The spigot bearing has a race or shell that fits into the transfer housing case and on the end of input shaft sits the roller bearings and if the rollers aren't in the right position the transfer case doesn't slip over them and you can end up damaging things because it can be frustrating and so after enough swearing you reach for a hammer.

There are three reasons I have seen as why that can cause the issues with fitting things together.

A mismatch in bearing and race can occur because you buy a new bearing but getting the old shell out of the transfer case is an art in itself so I remember thinking they are all the same, but they are not, and even yesterday I saw a mismatch between bearings coming out of the same brand of box but a few years apart and with different markings on the bearing itself. Sometimes the race is thicker or the rollers slightly larger. So check first before fitting mismatching pieces to the input shaft.
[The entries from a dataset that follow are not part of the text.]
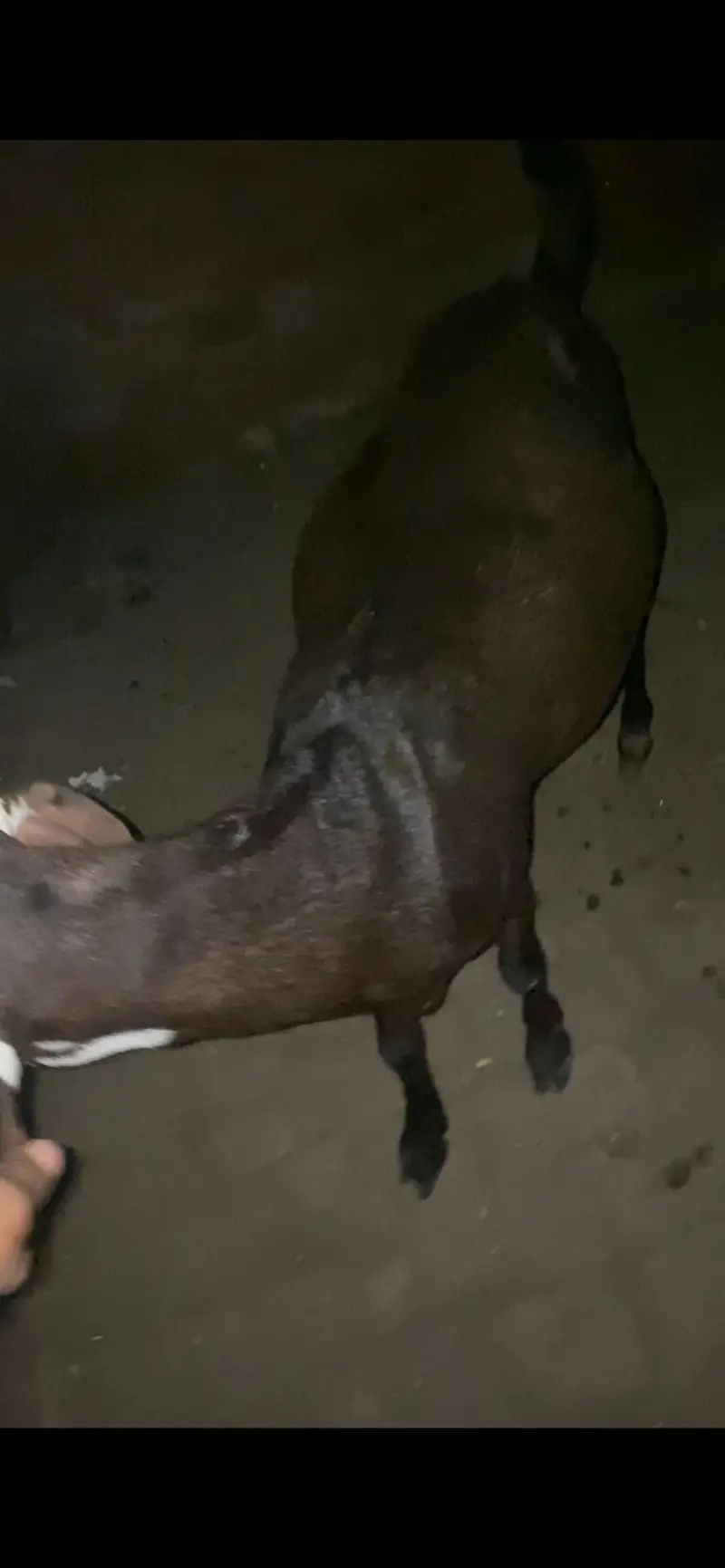 Pregnant guaranteed hy nagri beetal bakri — photo 6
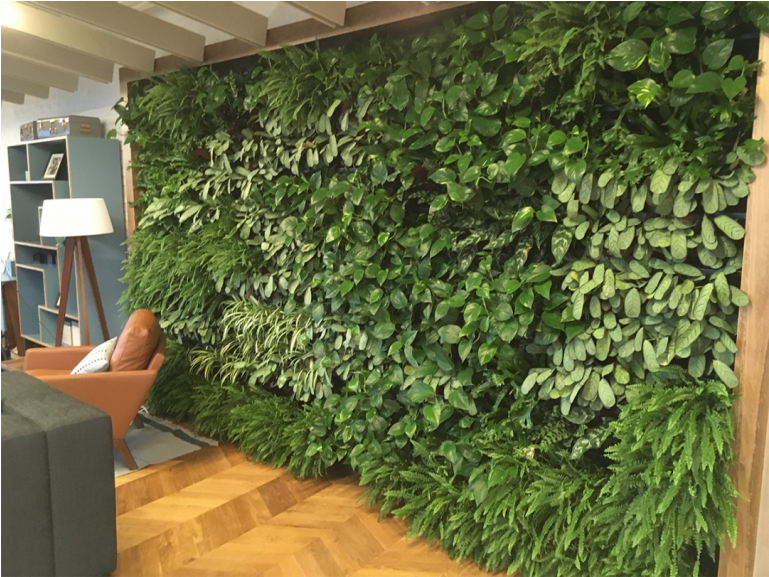 The Nexgen Requires Filling With Water By Hand, Starting - Wall (768x768), Png Download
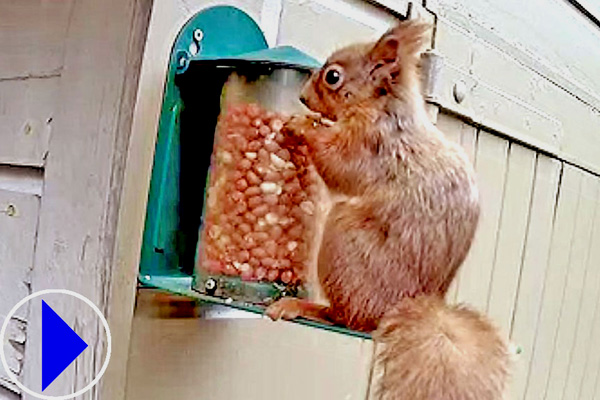 red squirrels at a feeder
The most common issue I have seen is the bearing shell has a square edge on the inside which make it almost a miracle if things are lined up when you try to fit things. Some brands of bearings have a small chamfer on the edge that helps lead the rollers into place, but not the one I was trying to fit yesterday. After trying to get lucky for 20 minutes yesterday I removed the shell put it in the lathe and put my own chamfer on the shell and it fitted first time.


And the other things I saw yesterday was the circlip that holds the shell in place was not central in the casing and so with a bit cleaning of the groove and rotating the circlip around I was able to have it cause less of an obstruction in one position.


Terry
I'm not questioning your powers of observation; I'm merely remarking upon the paradox of asking a masked man who he is.